September 27, 2011 at 11:53 AM

I bought the complete series on DVD and started rewatching it, so I totally understand what you’re feeling. It’s not the same, watching it as an adult, because it’s written for kids. As an adult I may cringe at the dialogue, but when I was watching it as a kid, I thought that same dialogue was really clever and funny – in other words, it’s perfectly suited to the mental level of a child, which is as it should be.

Even as a preteen or teenager, I remember watching some old episodes on VHS and being so caught up in the story. I don’t know what season it was – I think Megatron kidnapped Optimus or something… who knows?

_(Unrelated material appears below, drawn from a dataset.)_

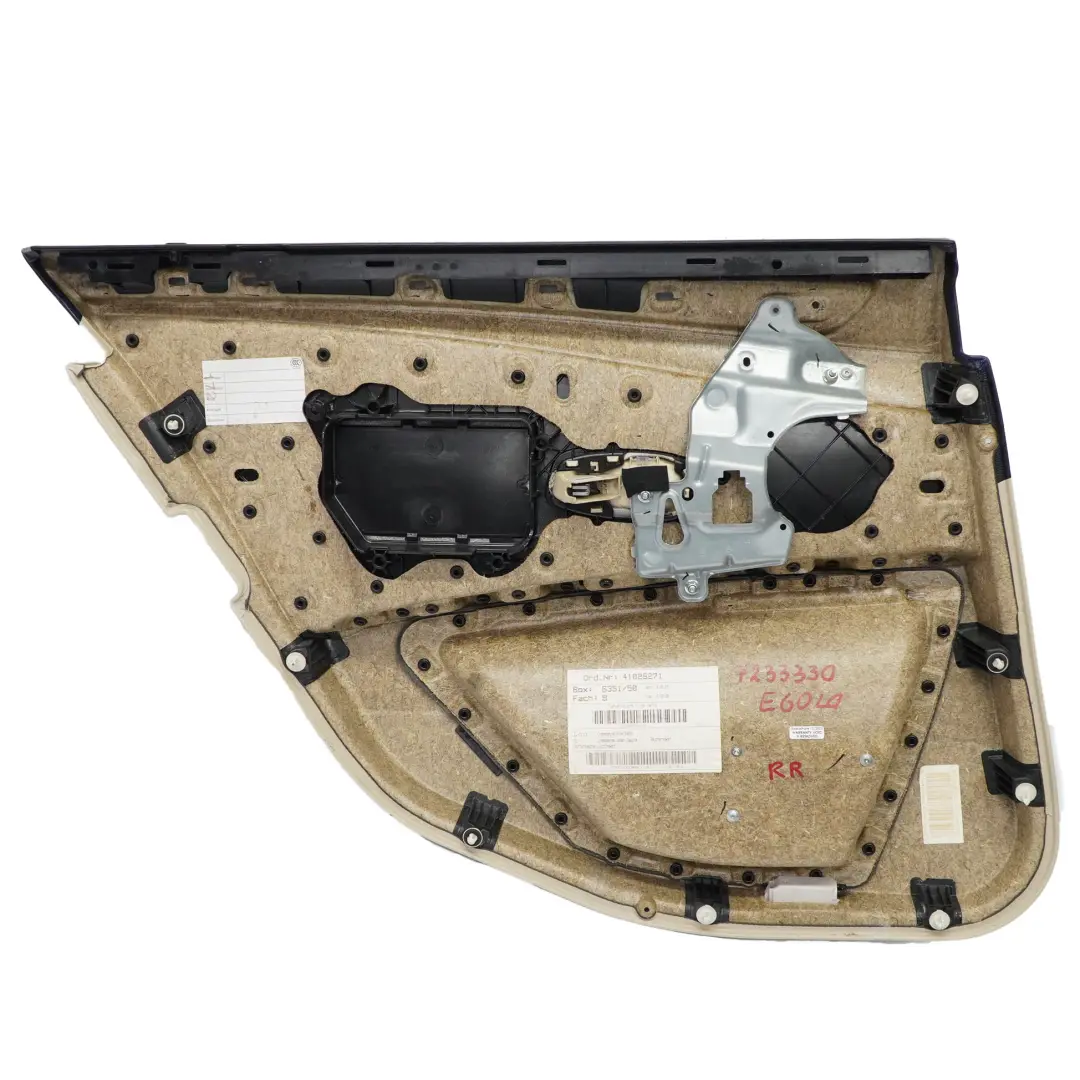  Tarjeta de Puerta BMW E60 E61 LCI Trasera Derecha Panel Crema Beige Cuero - SKU 7233330 - Número de pieza 7233330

But the story was compelling. I intend to rewatch the whole series because it left such a powerful impression on me. It wasn’t about special effects or brilliant dialogue (obviously) but rather the characters and their history together.

Michael Bay faced the challenge of translating a great cartoon for kids into a great movie for adults. Instead of focusing on the characters and their history together, while raising the writing to an adult level, he managed to bring over the worst aspects of the cartoon and lose the best.

September 27, 2011 at 9:26 PM

Ruby, you have captured it perfectly! I thought the third movie made a move towards the old school relationships with the CGI characters. Unfortunately, Sam’s antics made him more cartoon-y than the actual cartoons –

September 27, 2011 at 11:03 PM

I agree – Bay did improve in that area with the third one. And I admit it’s kind of cool that Leonard Nimoy played the Big Bad in both the 1986 and the 2011 movies.

September 27, 2011 at 1:17 PM

Watch the original animated movie then we can talk…

September 27, 2011 at 9:27 PM

As I said above, I loved the ’86 movie. Glad to see you did as well.

September 27, 2011 at 9:11 PM

BTW – the 1986 movie is still awesome, An. You didn’t misremember it!

Starscream: Megatron – is that you?
Megatron/Galvatron: Here’s a hint. (Obliterates Starscream)

October 9, 2011 at 5:44 AM

Like the Star Wars movies, probably best enjoyed when you are thirteen years old.

I cheated a bit in my childhood by reading the Transformers and G.I. Joe comics as I watched the cartoons. Furman and Hama helped by giving me a much more engaging story, and TV gave me bright and pretty moving pictures.

Everyone else is right, though. The Animated Movie is far and away the best of the four, and exactly as good as you remember it. Going from the TV series to the movie is an abrupt and sobering jump in maturity and I, like many of my friends, am not ashamed to admit I cried at certain parts of it.

I actually like Bayformers, and found Dark of the Moon‘s Galvatron–>Sentinel Prime transformation to be very sentimental. I still would have liked to have seen the Dinobots and Omega Supreme, though.